Captioned web images:
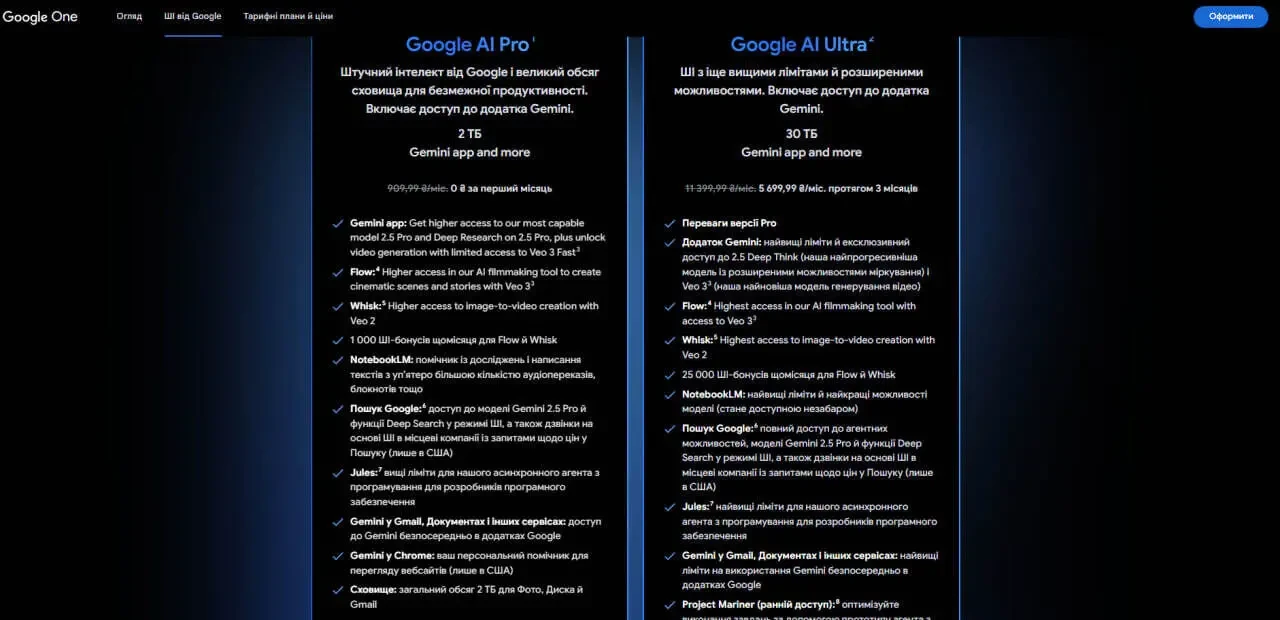 Річна підписка на Google AI Pro та Perplexity AI Pro 2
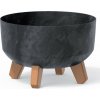 PROSPERPLAST Kvetináč GRACIA LOW BETON EFFECT 28,5 cm antracit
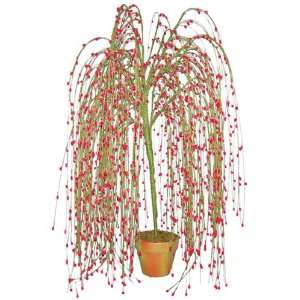  Large Red Faux Weeping Willow Berry Tree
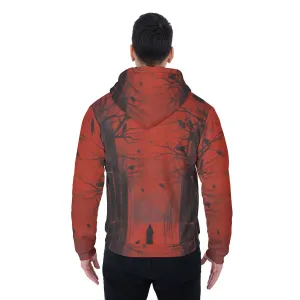 All-Over Print Men's Sherpa Fleece Zip Up Hoodie, black and red abstract, print, #25ee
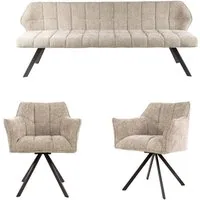 Vintagehaus Polsterbank Set Esstischbank Raster + 2 Armlehnstühle Samt oder Strukturstoff (3 teiliges Set), Frei im Raum aufstellbar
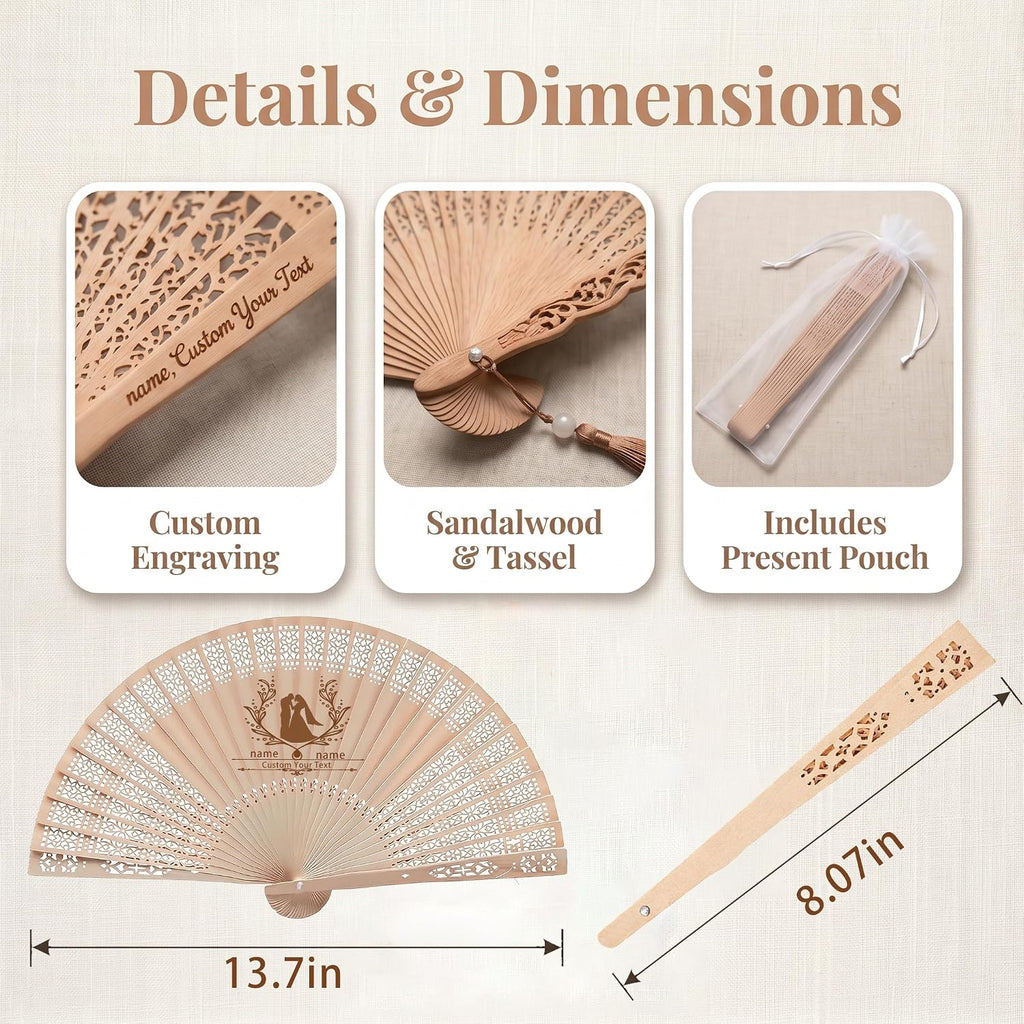 50Pcs Personalized Wooden Fans for Wedding Favors Bulks, Custom Fans for Wedding Guests, Bulk Handheld with Tassel and Yarn Bag, for Wedding Baby Shower Party Favors (50, A)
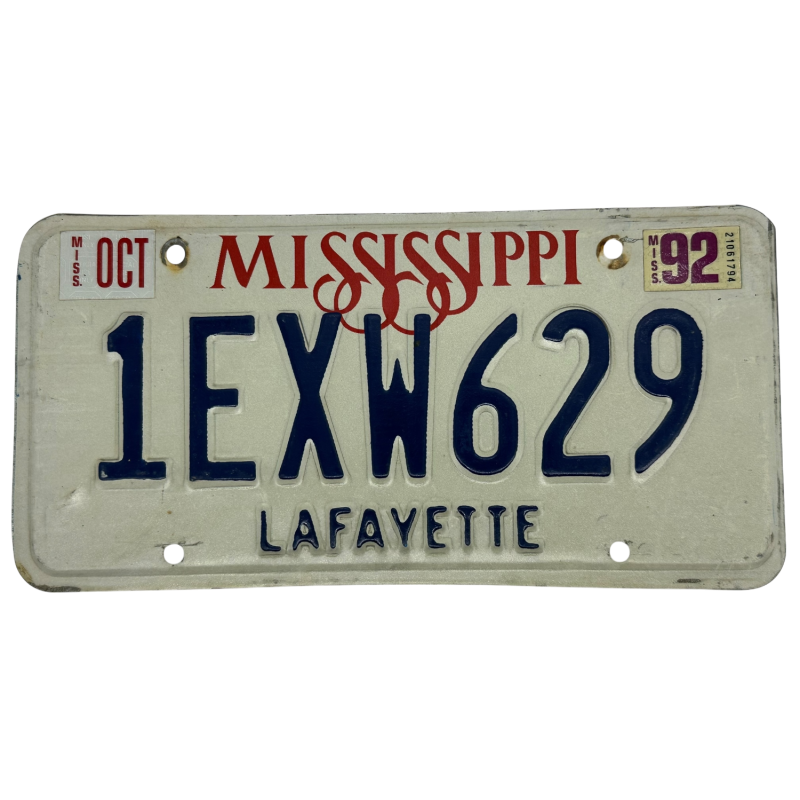 Mississippi license plate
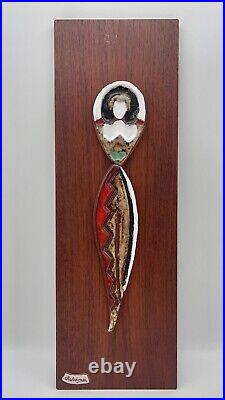 Vintage Maurice Chalvignac wood & ceramic hanging Wall Art MCM wall Sculpture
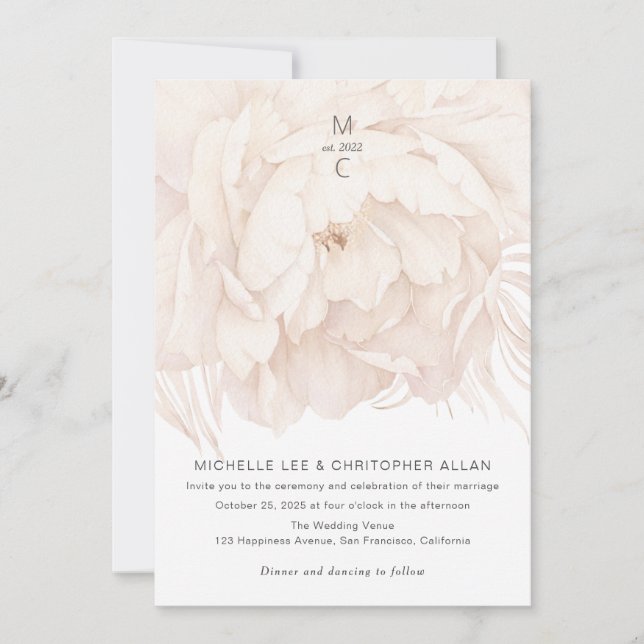 Invitación Elegancia moderna peonia en boda beige-jardín (Anverso)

What the task asks: Output the records above as they stand, from the first line to the line with "All-Over Print Men's", inclusive, and exclude the pictures.

Task solution:
 Річна підписка на Google AI Pro та Perplexity AI Pro 2
 PROSPERPLAST Kvetináč GRACIA LOW BETON EFFECT 28,5 cm antracit
  Large Red Faux Weeping Willow Berry Tree
 All-Over Print Men's Sherpa Fleece Zip Up Hoodie, black and red abstract, print, #25ee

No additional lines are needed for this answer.